Keeping these operational models in the mind, we have the understanding of network parameters optimization which can be also called as training of the models. While optimizing a network, chosen model allows any value which is equivalent to uniform. To minimize cross entropy, we should choose Maximum Likelihood Estimation to optimize the network which further minimizes the relative entropy.
After optimization or training, a network model becomes able to gives us statistical model parameters which helps to determine the nearby prediction values. Although, MCMC should be implemented to get samples to characterize the data distribution in case if loss function provides an unnormalized.
But while choosing a statistical method and optimizing it, we must consider few cautions
- The statistical model is defined by the loss function – The statistical model may go wrong, if neither way the distribution of data is described by loss function. Considering the loss functions beyond mean square error can be one of the ways to avoid the assumptions of the distribution.

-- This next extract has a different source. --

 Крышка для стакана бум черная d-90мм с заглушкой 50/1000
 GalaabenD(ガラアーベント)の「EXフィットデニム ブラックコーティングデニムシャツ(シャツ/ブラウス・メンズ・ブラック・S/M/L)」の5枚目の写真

- Second most important note is that a statistical model uses a neural network is over emphasized by parameters or can be also called as overparameterized. Millions of unidentifiable parameters are used by a neural network to perform a simple task.
- Data biasing – Neural networks are prepared to work on data, based on data and fit to data. If there is any biasing in the data, that bias will be strong. Somehow, physical models are equipped to avoid these biases.
Finally, after the discussion, we can summarize the whole in one sentence that building an overparameterized statistical model which can be used to describe data distribution is almost equal to using a loss function and a neural network.